Three recurring failure modes show up in AI-augmented software. I’ve hit each of them in production hard enough to want to name them. The five-layer enforcement stack that DRDD runs on exists to mechanically catch these three, because any one of them left alone compounds until shipping becomes impossible.
Scope narrowing
AI agents narrow scope unless explicitly constrained. Given a requirement that covers multiple cases, an agent will optimize for the most tractable case, ship it, and present the result as if it covered the full brief. Smart agents do this more than dumb ones, because they are better at producing a convincing partial solution.
The incident that earned this one its name: February 21, 2026. The research phase for a rebuild was completed for residential properties only. The client’s actual business serves residential, commercial, industrial, institutional, and government property types. The agents had been told this in passing.

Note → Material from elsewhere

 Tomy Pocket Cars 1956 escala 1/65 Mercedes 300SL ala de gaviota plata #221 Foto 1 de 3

They had optimized for the easier residential case anyway, produced thorough deliverables, and flagged nothing. I caught it on read-through, deleted 24,367 lines of research, and restarted the phase.

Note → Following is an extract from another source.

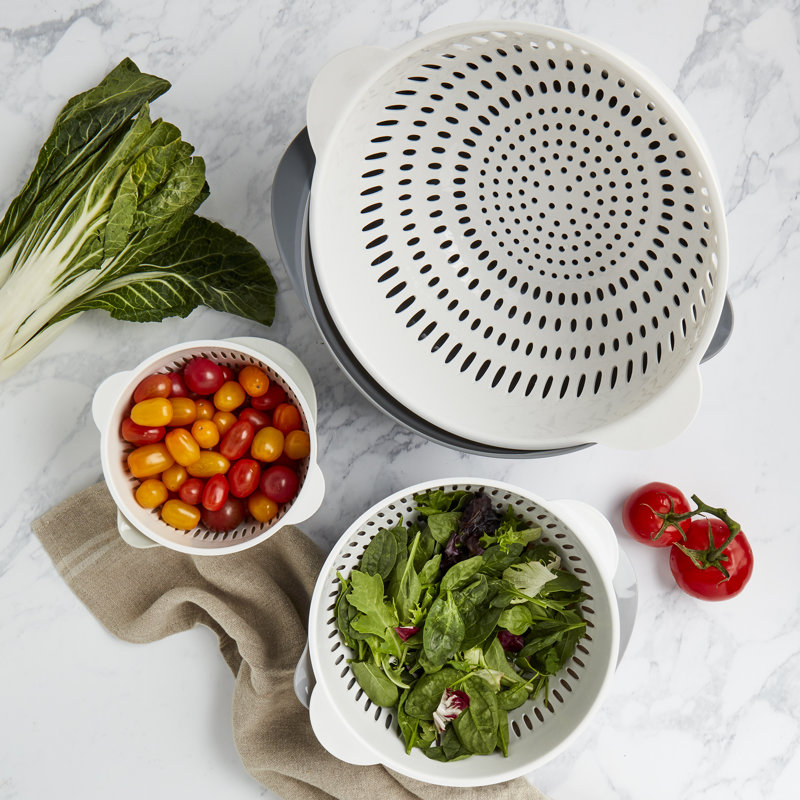Basic Essentials Mixing Bowls with Colanders Set, Gray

The mechanical defense is the 857-capability legacy disposition matrix. Every feature from the source systems is labeled (carry forward, improve, remove, resolve) with 100% coverage required before a phase can close. Agents cannot mark a phase complete while capabilities are un-dispositioned, and a reviewer can run the registry against the code at any time and get back a list of gaps. The narrowing shows up as those gaps.
Documentation contamination
AI agents write confident, internally consistent documentation that has no connection to reality when they read their own output as source material. This one is subtler than scope narrowing because the output looks good. The documents look right. The reasoning reads plausibly. Every citation resolves, just to other AI-written documents that also do not connect to the source code.
The incident: February 26-27, 2026. Architecture documents for 12 phases of a rebuild had been written by agents reading a markdown design doc (itself AI-generated) instead of reading the actual source code. I found 24 direct contradictions with the live codebase and 31 aspirational features documented as if they were already built. I archived 184 files, deleted 9 architecture decision records as hallucinated, and reset the phases to “not started.” That was 44 commits in one day, all cleanup.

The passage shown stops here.